To do:
An exact transcription of every record is needed, leaving out the pictures.
_ _ _
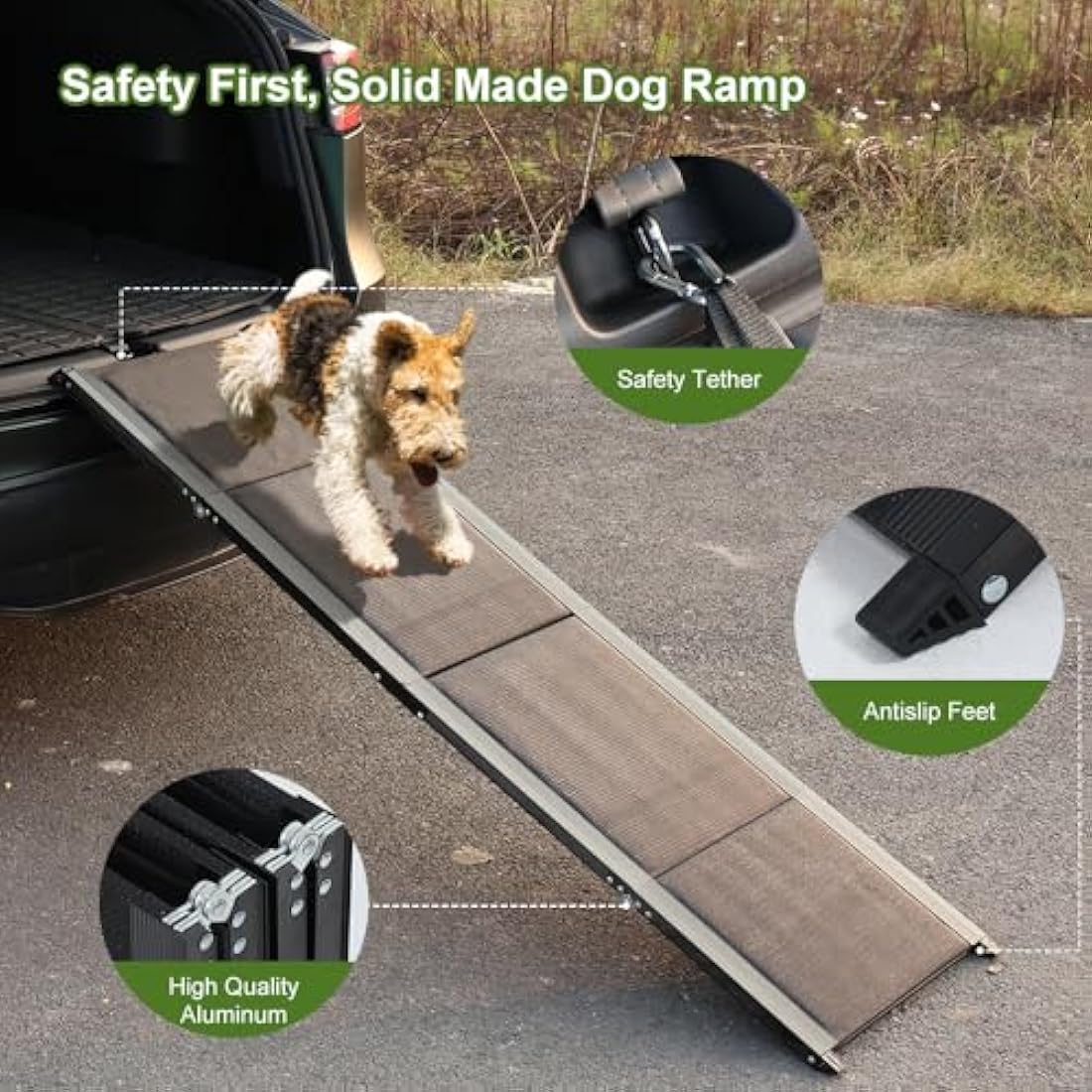 SMONTER Aluminum Dog Car Ramp – Folding Portable Pet Steps for Large Dogs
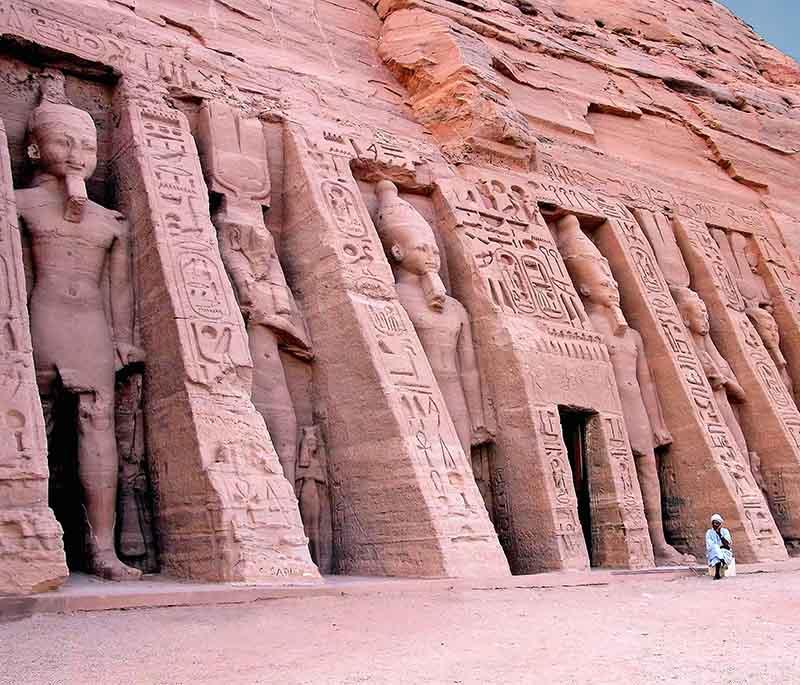 Abu Simbel Temples, two massive rock temples by Ramesses II, renowned for their colossal statues and carvings.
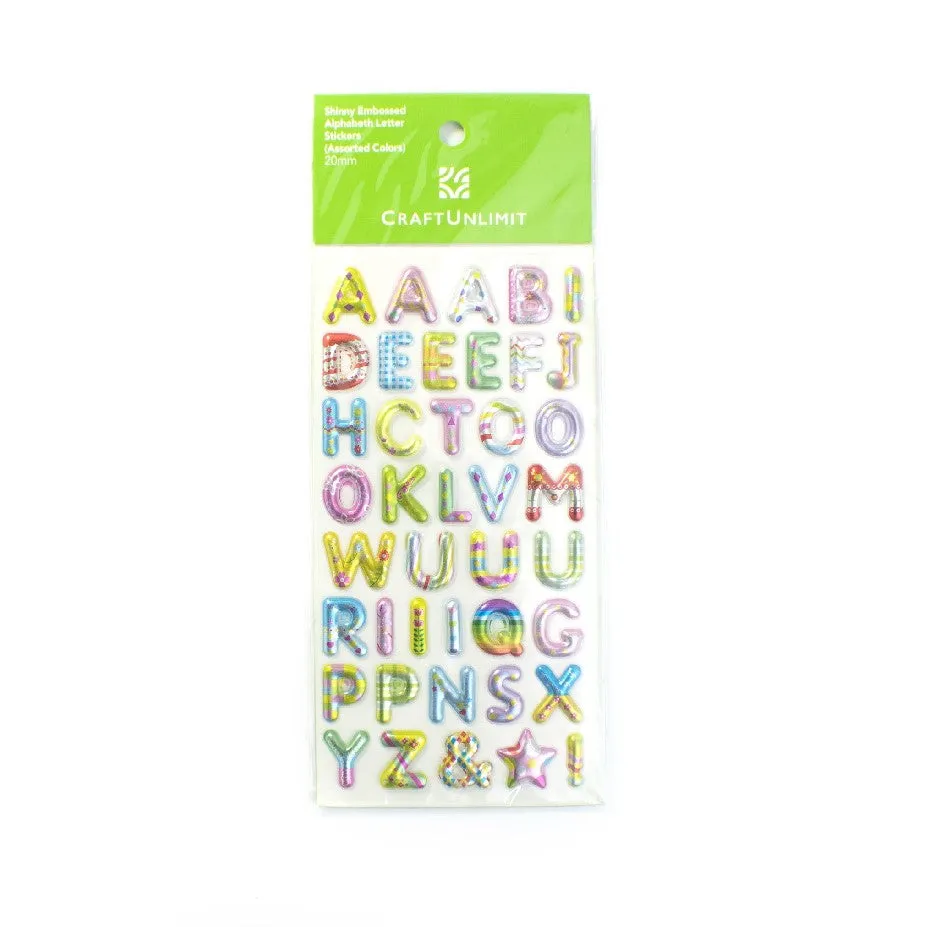 Shinny Embossed Alphabeth Letter Stickers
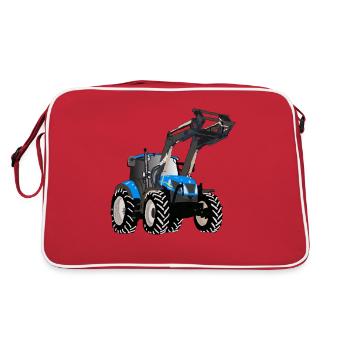 Tracteur bleu avec chargeuse frontale - Sac Retro - rouge/blanc - Dos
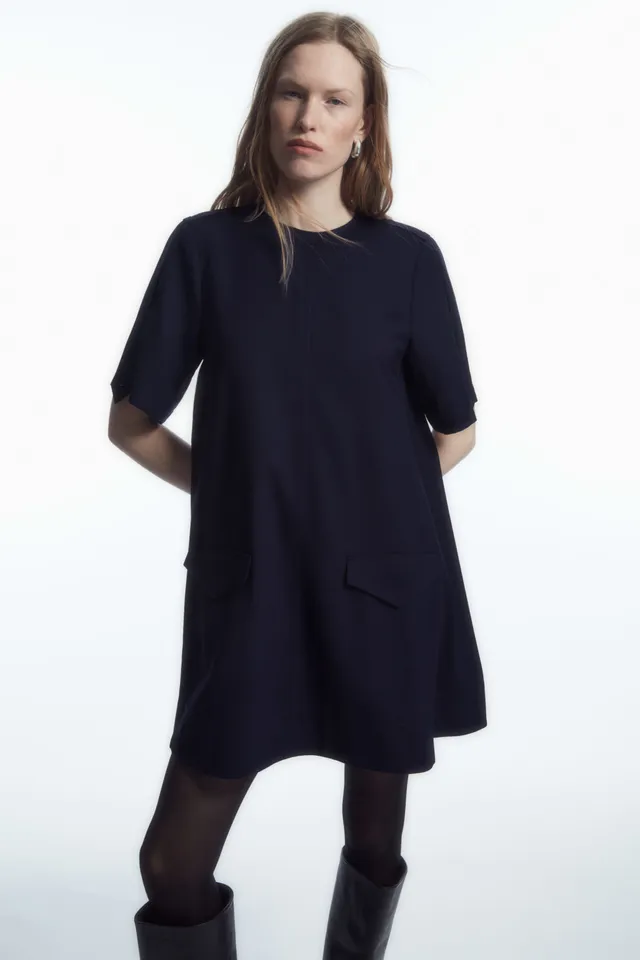 COS COS PUFF-SLEEVE BELTED DRESS - NAVY - Dresses - COS 135.00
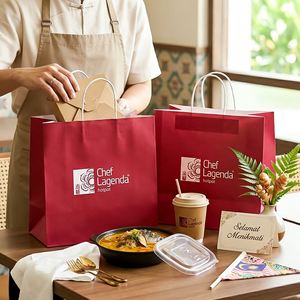 Bolsas de Papel Kraft Biodegradables, Reciclables y Ecológicas Personalizadas con Asas Retorcidas para Restaurantes y Servicios de Catering - Product Image 5
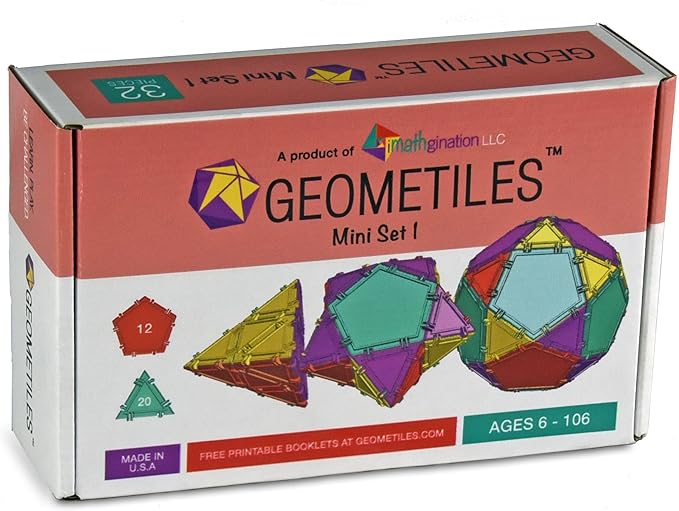 3D Building Set for Learning Math, Includes Many Online Activities, 32-pc, Made in USA (Pentagon/Triangle)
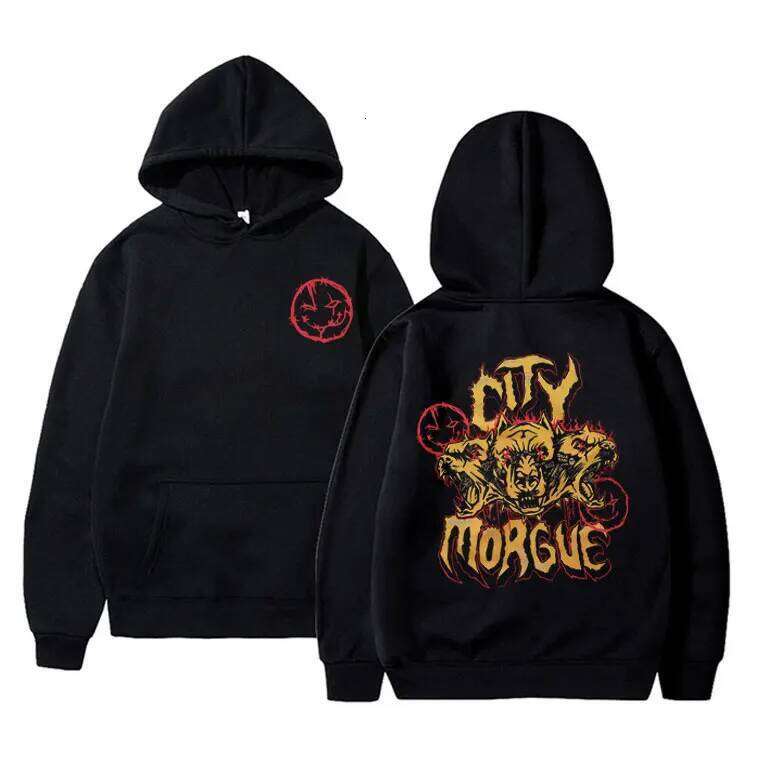 Designer Leisure High Quality Streetwear Rapper City Morgue Print Hoodie Men Women Hip Hop Haruku Sweatshirt Zillakami Sosmula Hoodies Vintage Top Pul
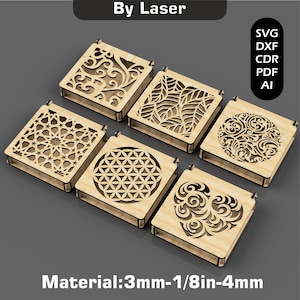 Dekorative Holzkiste Laser Cut Dateien, Klappdeckel Aufbewahrungsbox, 3 verschiedene Materialien, Laserschnittdateien Glowforge SVG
_ _ _
Answer:
 SMONTER Aluminum Dog Car Ramp – Folding Portable Pet Steps for Large Dogs
 Abu Simbel Temples, two massive rock temples by Ramesses II, renowned for their colossal statues and carvings.
 Shinny Embossed Alphabeth Letter Stickers
 Tracteur bleu avec chargeuse frontale - Sac Retro - rouge/blanc - Dos
 COS COS PUFF-SLEEVE BELTED DRESS - NAVY - Dresses - COS 135.00
 Bolsas de Papel Kraft Biodegradables, Reciclables y Ecológicas Personalizadas con Asas Retorcidas para Restaurantes y Servicios de Catering - Product Image 5
 3D Building Set for Learning Math, Includes Many Online Activities, 32-pc, Made in USA (Pentagon/Triangle)
 Designer Leisure High Quality Streetwear Rapper City Morgue Print Hoodie Men Women Hip Hop Haruku Sweatshirt Zillakami Sosmula Hoodies Vintage Top Pul
 Dekorative Holzkiste Laser Cut Dateien, Klappdeckel Aufbewahrungsbox, 3 verschiedene Materialien, Laserschnittdateien Glowforge SVG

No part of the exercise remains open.